Images courtesy of Ramón Saldívar.

Event Status
Scheduled

The exhibition Between Two Worlds draws its title from a book of selected poems written by Américo Paredes (1915–1999) in which the author reflects on his experiences growing up along the Texas-Mexico border. A writer, journalist, and ethnographer, Paredes was a foundational figure in Mexican American and Chicano studies and taught literature and anthropology at The University of Texas at Austin for several decades. In this lecture, literary scholar Ramón Saldívar (professor of English and Comparative Literature, Stanford University) discusses Paredes’ life, work, and legacy.

Between Two Worlds is organized by Jesus Treviño with Center Space Project.

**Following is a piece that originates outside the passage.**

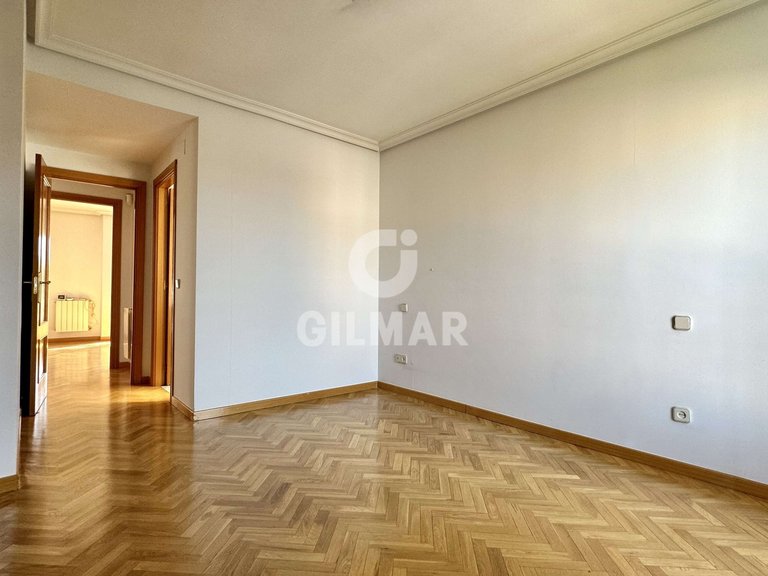 Apartment for Rent in Madrid, Madrid 17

The exhibition is on view September 25 – November 20, 2020. 
 

BIO

Ramón Saldívar is a professor of English and Comparative Literature and the Hoagland Family Professor of Humanities and Sciences at Stanford University. He was awarded the National Humanities Medal by President Barack Obama in 2012, and in 2013 was appointed to a six-year term on the National Council on the Humanities, the advisory board of the National Endowment for the Humanities. His teaching and research focus on the areas of literary criticism and literary theory, 19th, 20th and 21st century literary studies, the history of the novel and other narrative forms, issues concerning transnationalism and globalization, critical race theory, comparative studies in race and ethnicity, and U.S. Latinx Studies. He is the author and editor of four books and numerous other scholarly publications. In 2006, he was awarded the Modern Language Association Prize in US Latina and Latino and Chicana and Chicano Literary and Cultural Studies for his book, The Borderlands of Culture: Américo Paredes and the Transnational Imaginary (Duke, 2006). He is currently working on a new project, tentatively titled “The Racial Imaginary: Speculative Realism and Historical Fantasy in Contemporary American Fiction.”